Il messaggio di Luca Pasquaretta giunge ai giornalisti la domenica mattina: «Da domani fino al 25 luglio sarò in ferie», e poi continua spiegando che il sostituto per questo periodo sarà Mauro Gentile, ma che per argomento “Olimpiadi” si può continuare a fare riferimento a lui anche se in vacanza.

Nulla di strano, ma, come dicevamo, questo “andare in ferie” fa rumore per un momento cruciale che sta vivendo la carriera di Pasquaretta, che un mese fa veniva dato per certo in entrata negli uffici stampa del governo M5s-Lega a Roma o comunque a fianco di qualche parlamentare pentastellato (leggi Laura Castelli).Cruciale come momento anche per la sindaca che in lui, dopo le dimissioni di Paolo Giordana, ha trovato il suo consigliori più fidato, proprio in questi giorni tra presunte o reali fratture della maggioranza e candidatura ai Giochi Olimpici 2026, certo il lavoro non manca.

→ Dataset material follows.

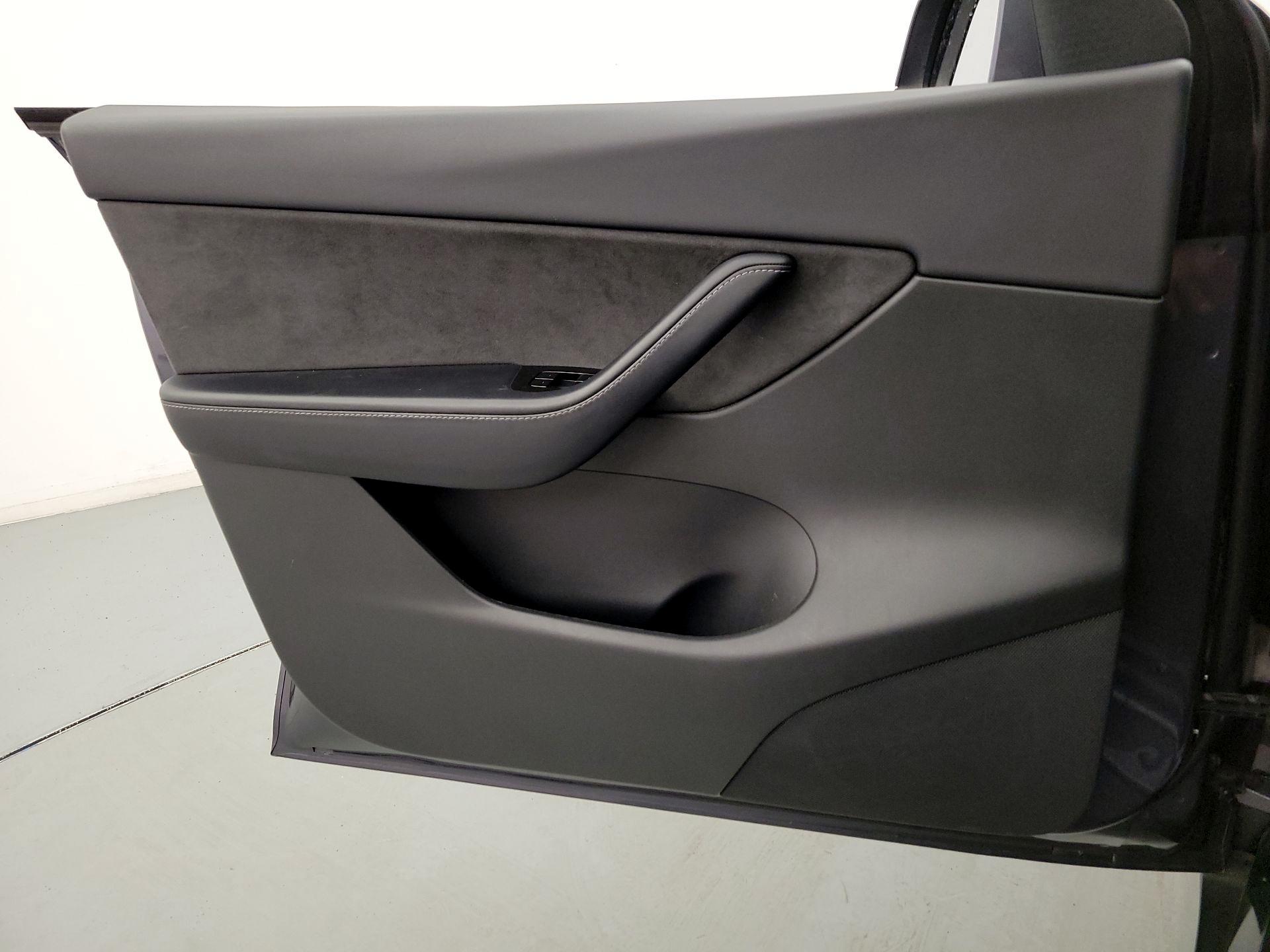 Thumbnail: 2021 Tesla Model Y - 12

Molti all’interno del Movimento Cinque Stelle, ma anche della Giunta, vorrebbero la sua testa. La volevano prima dei suoi guai giudiziari legati a quei cinque mila euro (che ha restituito), figuriamoci adesso che è indagato per la seconda volta (ha già ricevuto un avviso di garanzia per il filone d’inchiesta sui fatti di Piazza San Carlo relativo a Parco Dora).

Ma la sindaca pare non abbia nessuna intenzione di privarsi dei suoi servigi. Per il momento.

Dunque queste ferie improvvise non sono da prendere sotto gamba e non è detto che non siano un preludio all’addio di Luca Pasquaretta. O quanto un meno un passo a lato.